* [TASK TO COMPLETE]: Transcribe each record exactly, but omit pictures.

* [THE DATA]:
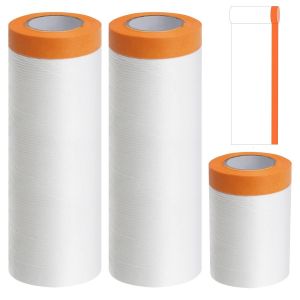 3 Rouleaux Papier de Masquage Peinture,3 Tailles Bache de Protection Peinture Transparente Film de Masquage avec Ruban Adhésif pour Meuble de Protection,55cm*20m,150cm*18m,270cm*15m - Neuf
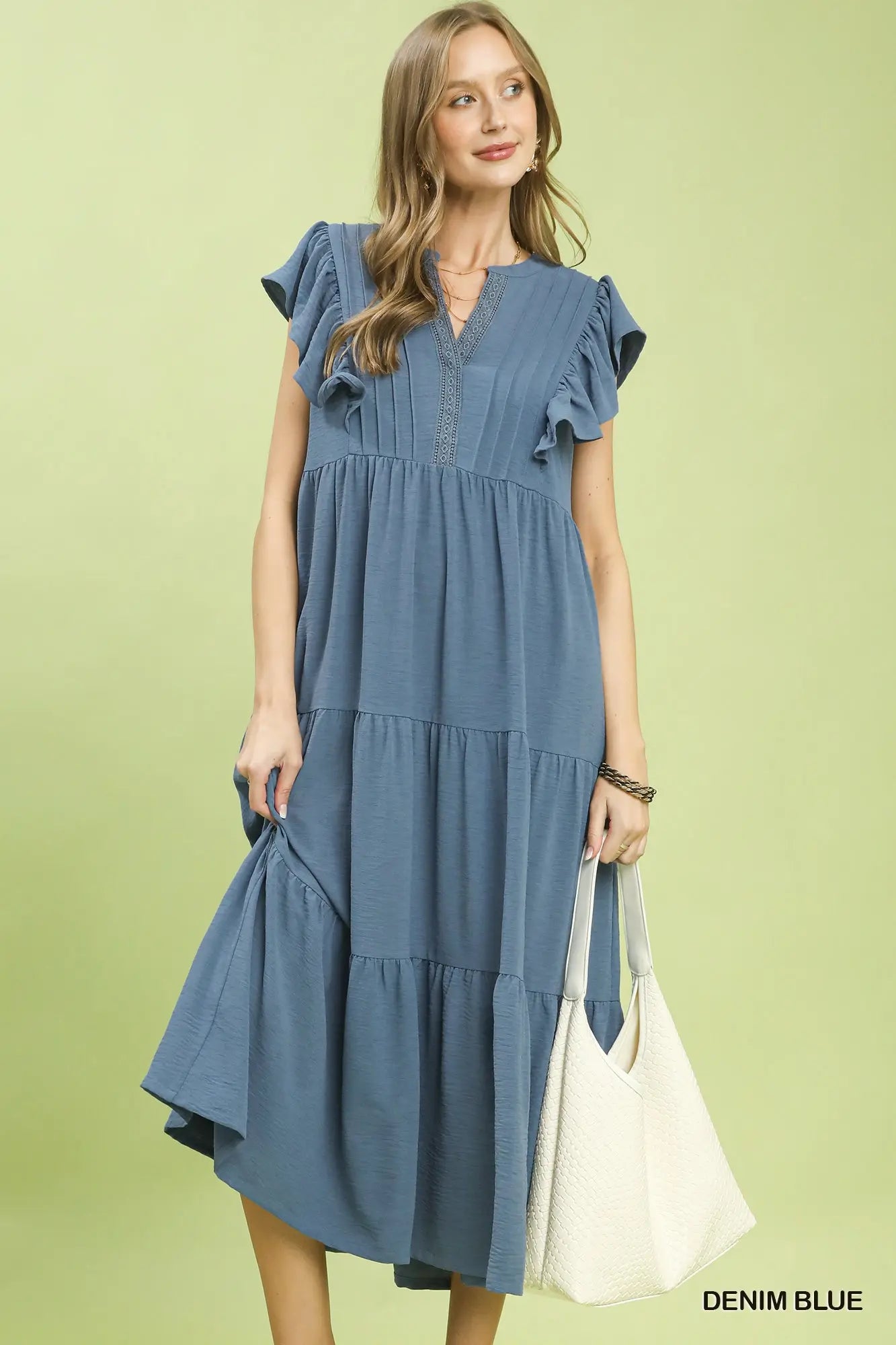 Ruffle Sleeve Tiered Midi Dress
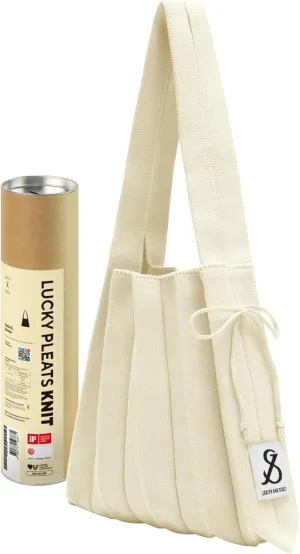 JOSEPH & STACEY Lucky Pleats Knit Bag Solid S | Sustainable Foldable Women's Tote Bag | Lightweight Minimalist Everyday Bag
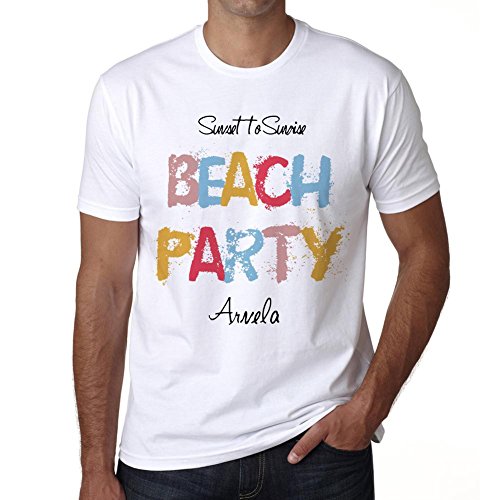 Arnela, Beach Party, Fiesta en la Playa, Camiseta para Las Hombres, Manga Corta, Cuello Redondo, Blanco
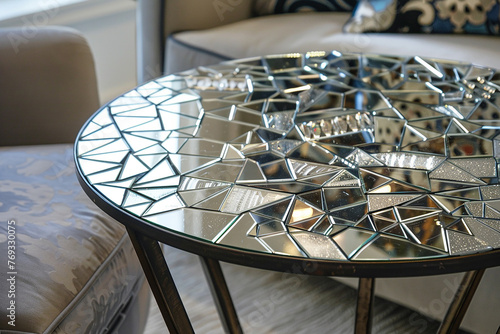 /imagine: A transitional-style side table with a mirrored mosaic top, reflecting shards of light and adding a touch of glamour to any living space. --ar 3:2 --v 6.0 - Image #1 @Zoha Noor
 photo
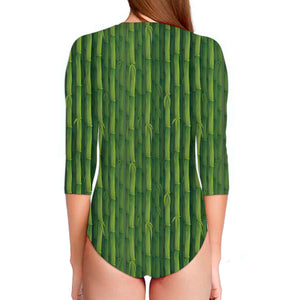 Green Bamboo Tree Pattern Print Long Sleeve Swimsuit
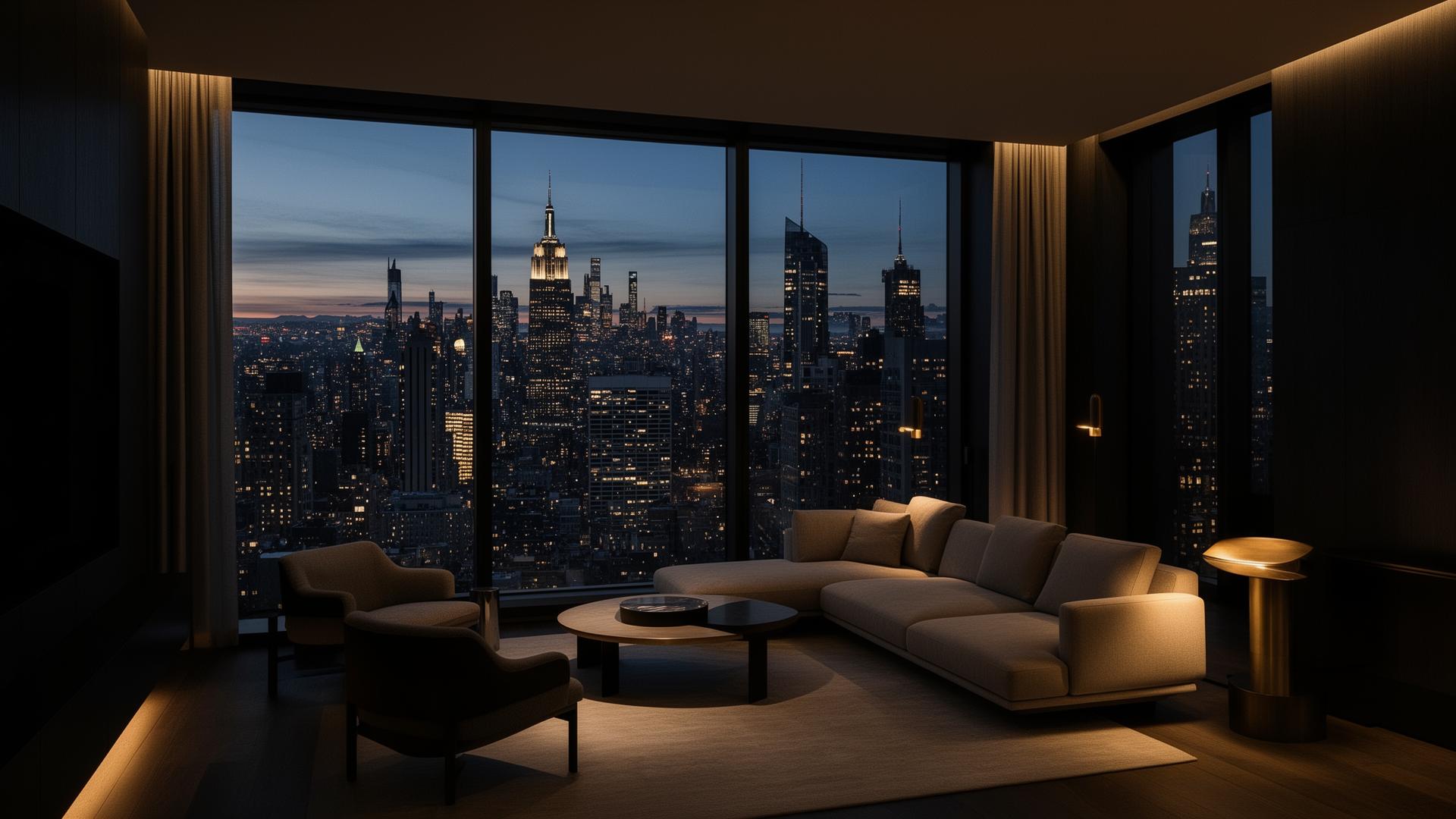 NYC apartment view at dusk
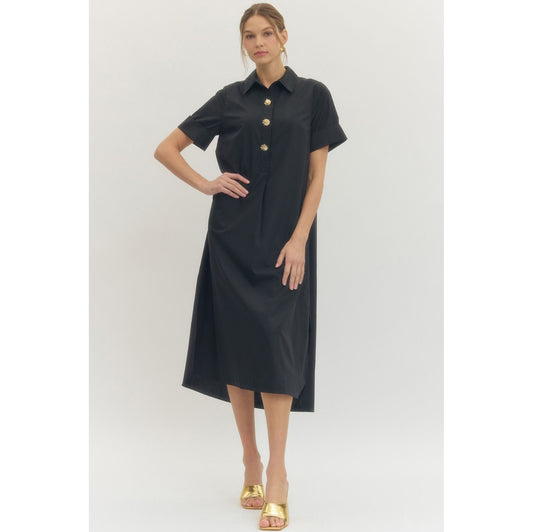 Entro - Short Sleeve, Midi Dress w Pockets 9516 - Black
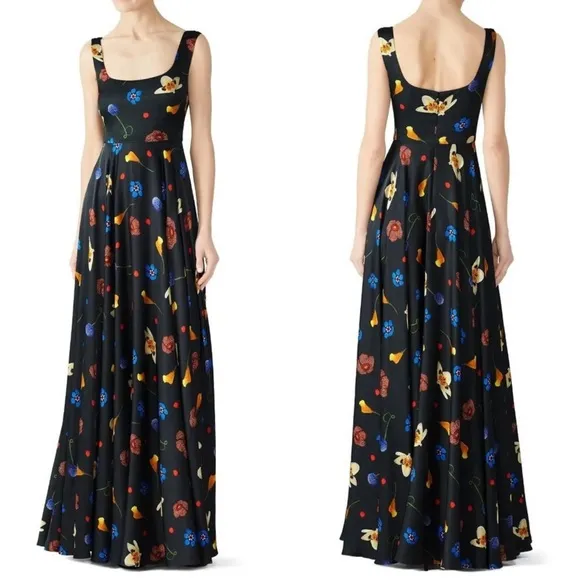 solace london naie gown dress black floral size 6 C3 - Image 2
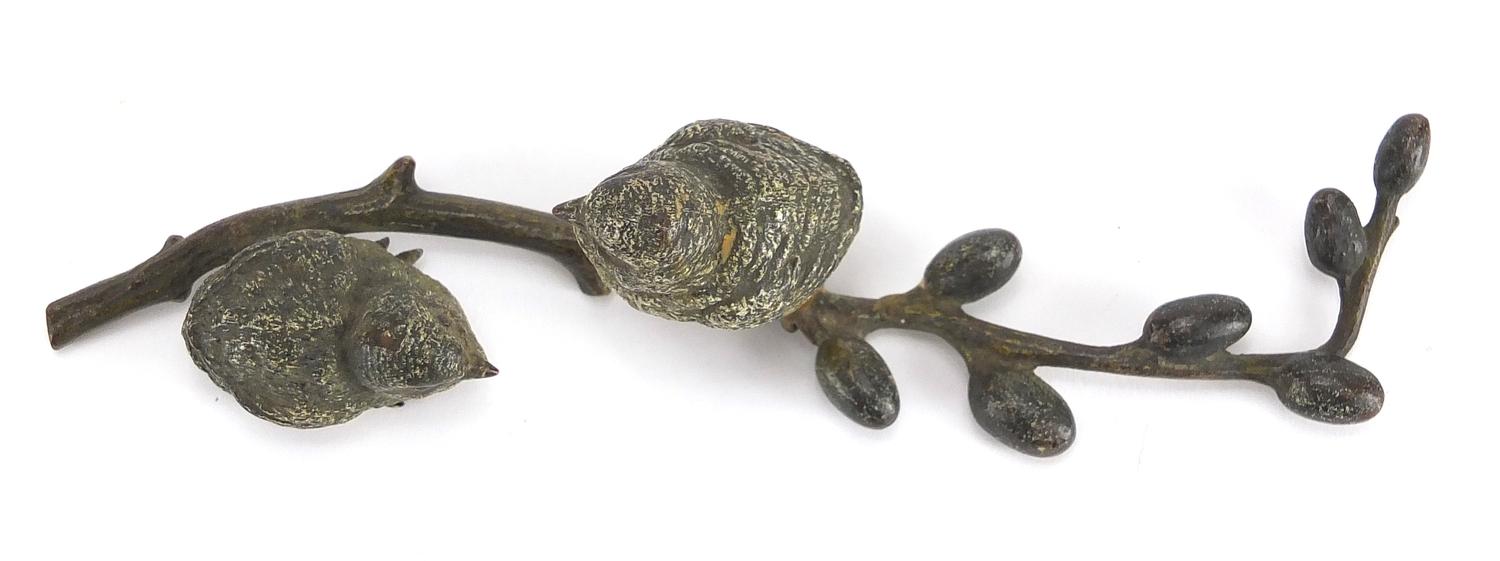 Austrian cold painted bronze group of two birds on a branch, stamped Geschutzt to the base, 20cm - Image 4 of 5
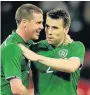  ??  ?? BIG PALS Irish team-mates McCarthy and Coleman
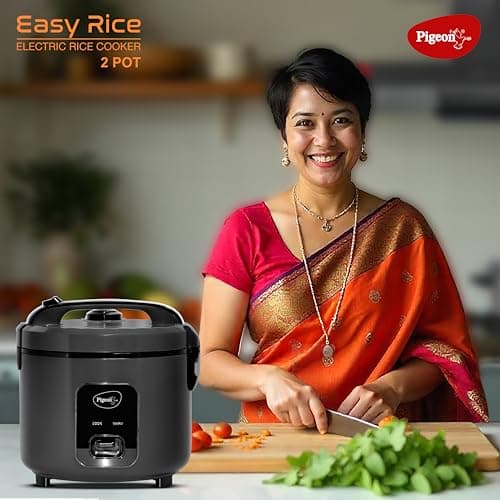 Pigeon Easy 3L Electric Rice Cooker with 2 Pots, Keep warm function, Steam basket, Spatula & Measuring cup (Grey) 2
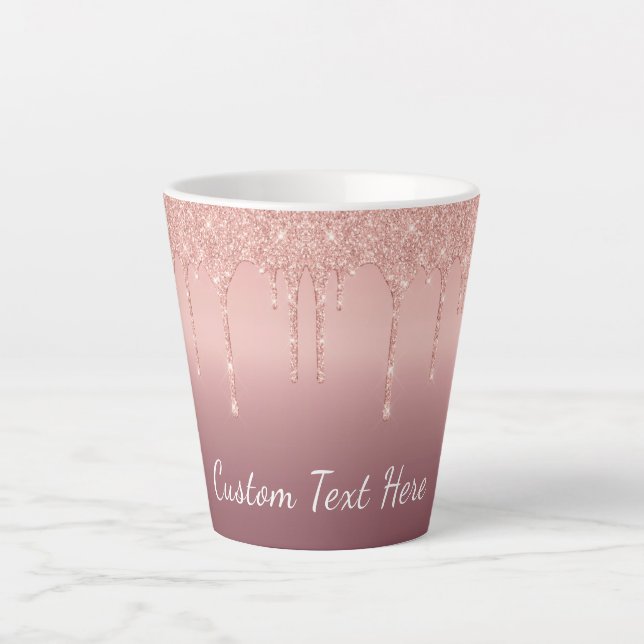 Rose Gold Glitter Latte Mug with Custom Text (Front)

* [TASK RESULT]:
 3 Rouleaux Papier de Masquage Peinture,3 Tailles Bache de Protection Peinture Transparente Film de Masquage avec Ruban Adhésif pour Meuble de Protection,55cm*20m,150cm*18m,270cm*15m - Neuf
 Ruffle Sleeve Tiered Midi Dress
 JOSEPH & STACEY Lucky Pleats Knit Bag Solid S | Sustainable Foldable Women's Tote Bag | Lightweight Minimalist Everyday Bag
 Arnela, Beach Party, Fiesta en la Playa, Camiseta para Las Hombres, Manga Corta, Cuello Redondo, Blanco
 /imagine: A transitional-style side table with a mirrored mosaic top, reflecting shards of light and adding a touch of glamour to any living space. --ar 3:2 --v 6.0 - Image #1 @Zoha Noor
 photo
 Green Bamboo Tree Pattern Print Long Sleeve Swimsuit
 NYC apartment view at dusk
 Entro - Short Sleeve, Midi Dress w Pockets 9516 - Black
 solace london naie gown dress black floral size 6 C3 - Image 2
 Austrian cold painted bronze group of two birds on a branch, stamped Geschutzt to the base, 20cm - Image 4 of 5
  ??  ?? BIG PALS Irish team-mates McCarthy and Coleman
 Pigeon Easy 3L Electric Rice Cooker with 2 Pots, Keep warm function, Steam basket, Spatula & Measuring cup (Grey) 2
 Rose Gold Glitter Latte Mug with Custom Text (Front)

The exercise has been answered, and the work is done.